Growing up on a farm in Australia, Liam Hall was a mechanic “getting greasy, scraped knuckles”, but in recent years his career has taken a more technical turn.
He’s now the head of quantum biotechnology at CSIRO, Australia’s national science agency.
“I’ve got a bit of a weird background. I always wanted to be a diesel mechanic. Doing that for a while led to wanting to do engineering at university. That introduced me to the physics, and then to the quantum physics. A rollercoaster ride is a good way to describe it,” he says.
His team has been developing diagnostic technologies, experimenting with micro sensors crafted from tiny slivers of diamonds about 50 nanometers in size (about 1,000 times finer than human hair) to test patients’ iron levels.
Current methods monitor a protein known as ferritin, the body’s iron storage mechanism.
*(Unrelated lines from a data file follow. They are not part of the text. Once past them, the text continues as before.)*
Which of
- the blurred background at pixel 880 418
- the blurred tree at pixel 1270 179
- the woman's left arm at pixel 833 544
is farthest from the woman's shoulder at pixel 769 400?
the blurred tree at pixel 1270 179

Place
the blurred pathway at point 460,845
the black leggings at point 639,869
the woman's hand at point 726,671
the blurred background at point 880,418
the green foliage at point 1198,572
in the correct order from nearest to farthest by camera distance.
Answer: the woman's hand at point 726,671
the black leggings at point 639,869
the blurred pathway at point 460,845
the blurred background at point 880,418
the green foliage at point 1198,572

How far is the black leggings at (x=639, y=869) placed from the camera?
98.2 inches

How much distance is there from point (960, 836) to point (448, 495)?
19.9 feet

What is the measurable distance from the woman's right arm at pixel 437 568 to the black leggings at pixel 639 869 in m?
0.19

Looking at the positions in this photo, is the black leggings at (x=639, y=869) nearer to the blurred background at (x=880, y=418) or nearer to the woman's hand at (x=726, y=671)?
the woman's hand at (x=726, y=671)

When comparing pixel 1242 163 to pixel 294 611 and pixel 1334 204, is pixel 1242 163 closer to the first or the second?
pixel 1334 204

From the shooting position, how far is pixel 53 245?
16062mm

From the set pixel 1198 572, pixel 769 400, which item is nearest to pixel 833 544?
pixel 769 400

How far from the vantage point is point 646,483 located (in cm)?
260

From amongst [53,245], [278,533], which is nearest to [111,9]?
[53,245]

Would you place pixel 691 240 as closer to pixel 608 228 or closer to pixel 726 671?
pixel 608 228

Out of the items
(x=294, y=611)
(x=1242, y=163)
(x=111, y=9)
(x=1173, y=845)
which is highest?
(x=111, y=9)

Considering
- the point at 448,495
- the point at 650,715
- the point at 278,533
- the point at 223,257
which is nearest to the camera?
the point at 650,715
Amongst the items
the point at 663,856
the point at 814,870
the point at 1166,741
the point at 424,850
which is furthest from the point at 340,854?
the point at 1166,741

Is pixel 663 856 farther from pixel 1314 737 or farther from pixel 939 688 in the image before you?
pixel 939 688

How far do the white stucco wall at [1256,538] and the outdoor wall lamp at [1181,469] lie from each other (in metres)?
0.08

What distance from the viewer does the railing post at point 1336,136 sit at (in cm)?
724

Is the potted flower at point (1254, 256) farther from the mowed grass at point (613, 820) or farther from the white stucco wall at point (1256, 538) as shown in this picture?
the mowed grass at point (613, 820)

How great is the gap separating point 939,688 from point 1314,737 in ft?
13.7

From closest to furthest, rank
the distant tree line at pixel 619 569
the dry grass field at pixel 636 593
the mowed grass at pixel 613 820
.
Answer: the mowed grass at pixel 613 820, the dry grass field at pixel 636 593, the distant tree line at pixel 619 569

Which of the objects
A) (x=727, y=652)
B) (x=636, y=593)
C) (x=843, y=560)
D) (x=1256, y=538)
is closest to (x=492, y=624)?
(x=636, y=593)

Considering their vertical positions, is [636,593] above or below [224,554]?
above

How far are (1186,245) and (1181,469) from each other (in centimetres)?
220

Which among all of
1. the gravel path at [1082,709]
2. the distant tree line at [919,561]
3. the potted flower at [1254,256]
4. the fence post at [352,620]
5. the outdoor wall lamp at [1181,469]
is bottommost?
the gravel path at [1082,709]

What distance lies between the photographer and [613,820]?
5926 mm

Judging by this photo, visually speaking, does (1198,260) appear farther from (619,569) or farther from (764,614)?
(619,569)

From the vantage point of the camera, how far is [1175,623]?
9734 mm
While monitoring ferritin is a good way to measure iron, it would be more accurate to measure the actual iron levels inside the protein.
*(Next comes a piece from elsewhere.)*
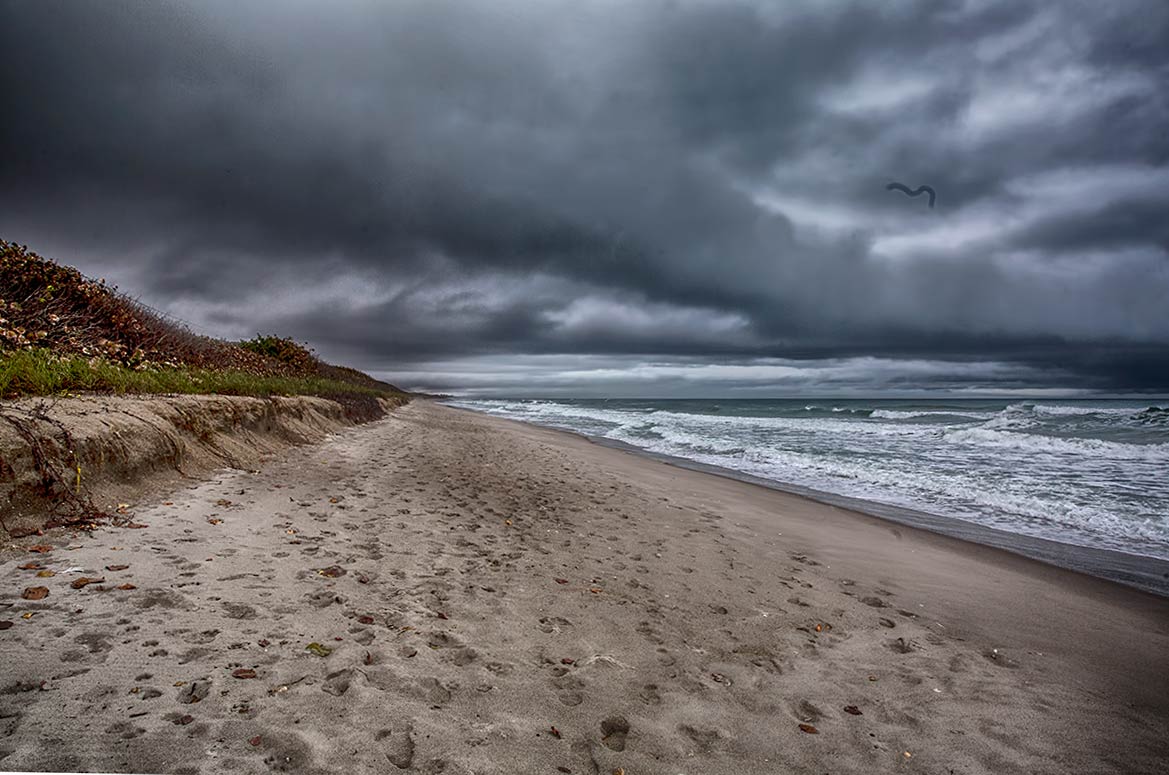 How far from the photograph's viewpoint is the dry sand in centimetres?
275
One way to do that would be to measure the tiny magnetic fields generated by the iron. But there’s one big problem with that approach.
“[The magnetic field] is completely tiny and outside the measurement of any traditional magnetometers or microscopes,” explains Dr Hall.
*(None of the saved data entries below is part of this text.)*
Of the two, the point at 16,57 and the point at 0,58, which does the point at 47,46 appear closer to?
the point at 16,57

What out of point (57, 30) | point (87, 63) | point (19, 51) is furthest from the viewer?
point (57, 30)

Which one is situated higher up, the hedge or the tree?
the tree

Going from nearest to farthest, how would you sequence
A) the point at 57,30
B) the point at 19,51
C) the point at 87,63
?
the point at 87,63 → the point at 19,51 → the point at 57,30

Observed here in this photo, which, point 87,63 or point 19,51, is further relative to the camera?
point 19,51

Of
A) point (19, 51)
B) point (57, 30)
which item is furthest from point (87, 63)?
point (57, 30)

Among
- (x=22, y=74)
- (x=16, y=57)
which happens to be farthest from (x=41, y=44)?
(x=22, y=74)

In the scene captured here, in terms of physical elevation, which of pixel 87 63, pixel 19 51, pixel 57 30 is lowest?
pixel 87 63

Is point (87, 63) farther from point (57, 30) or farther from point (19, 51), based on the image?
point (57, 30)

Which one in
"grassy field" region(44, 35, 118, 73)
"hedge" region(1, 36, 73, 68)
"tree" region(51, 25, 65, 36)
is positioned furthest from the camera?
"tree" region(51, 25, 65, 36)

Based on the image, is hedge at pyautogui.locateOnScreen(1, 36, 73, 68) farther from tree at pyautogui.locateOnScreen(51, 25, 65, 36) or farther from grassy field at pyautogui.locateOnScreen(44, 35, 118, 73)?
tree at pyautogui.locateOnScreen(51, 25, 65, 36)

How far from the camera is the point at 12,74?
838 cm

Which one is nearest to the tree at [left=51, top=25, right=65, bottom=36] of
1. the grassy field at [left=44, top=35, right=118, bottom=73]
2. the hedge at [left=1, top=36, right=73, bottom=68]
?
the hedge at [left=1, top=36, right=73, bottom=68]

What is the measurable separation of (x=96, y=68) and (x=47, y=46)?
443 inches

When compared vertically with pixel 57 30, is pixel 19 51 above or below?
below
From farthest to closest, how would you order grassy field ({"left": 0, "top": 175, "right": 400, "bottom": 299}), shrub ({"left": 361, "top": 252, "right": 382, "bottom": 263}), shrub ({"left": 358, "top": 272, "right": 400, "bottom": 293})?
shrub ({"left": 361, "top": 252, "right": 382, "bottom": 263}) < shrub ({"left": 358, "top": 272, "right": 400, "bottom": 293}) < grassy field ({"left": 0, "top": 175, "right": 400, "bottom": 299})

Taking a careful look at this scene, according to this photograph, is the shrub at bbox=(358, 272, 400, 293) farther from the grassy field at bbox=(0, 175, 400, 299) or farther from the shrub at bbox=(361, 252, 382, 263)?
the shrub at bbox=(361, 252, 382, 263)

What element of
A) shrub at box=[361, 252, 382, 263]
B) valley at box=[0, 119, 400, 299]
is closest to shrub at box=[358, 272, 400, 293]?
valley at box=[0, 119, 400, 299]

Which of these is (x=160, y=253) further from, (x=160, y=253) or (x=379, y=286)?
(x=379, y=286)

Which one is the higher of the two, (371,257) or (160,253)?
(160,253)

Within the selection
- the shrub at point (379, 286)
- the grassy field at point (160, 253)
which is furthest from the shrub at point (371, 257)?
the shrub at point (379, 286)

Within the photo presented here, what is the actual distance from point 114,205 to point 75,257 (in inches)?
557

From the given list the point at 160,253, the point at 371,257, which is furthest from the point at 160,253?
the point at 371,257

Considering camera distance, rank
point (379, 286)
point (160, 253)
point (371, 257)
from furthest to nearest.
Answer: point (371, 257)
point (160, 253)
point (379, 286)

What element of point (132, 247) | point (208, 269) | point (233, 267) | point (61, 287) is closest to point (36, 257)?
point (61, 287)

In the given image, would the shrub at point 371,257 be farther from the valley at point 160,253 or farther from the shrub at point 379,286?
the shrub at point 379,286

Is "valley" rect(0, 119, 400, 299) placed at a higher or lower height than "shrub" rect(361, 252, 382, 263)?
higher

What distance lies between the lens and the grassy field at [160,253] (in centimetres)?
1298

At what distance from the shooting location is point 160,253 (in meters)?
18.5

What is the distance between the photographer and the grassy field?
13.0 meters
However, Dr Hall’s nano-scale quantum sensors can detect those tiny fields and measure them.
He says in the future, the technology could develop an early flag for any particular disease, including the surveillance of certain hormones or proteins that might indicate cancer.
“The advantage for quantum systems has always been that you can achieve much, much better sensitivity and easier identification of chemicals at a much lower cost,” Dr Hall says.
Dr Hall is part of a global push to develop quantum technologies. Britain, China, the US and countries elsewhere, are all trying to exploit the weird properties of quantum mechanics.
“Quantum is one of Australia’s most promising growth opportunities – a chance to create new markets, new applications,” said CSIRO’s chief scientist, Prof Bronwyn Fox.
Quantum mechanics emerged in the early 20th Century from studies of nature’s smallest objects. Scientists believe it has the potential to expand our understanding of the universe and solve complex problems at lightning speeds.
The range of applications appears vast; from advances in environmental science and decarbonisation, to cyber-security and new medicines. There could be molecules that “eat up carbon” and remove it from the atmosphere, quantum batteries to power cars, aircraft that are designed to lower their emissions and transport logistics to reduce road congestion.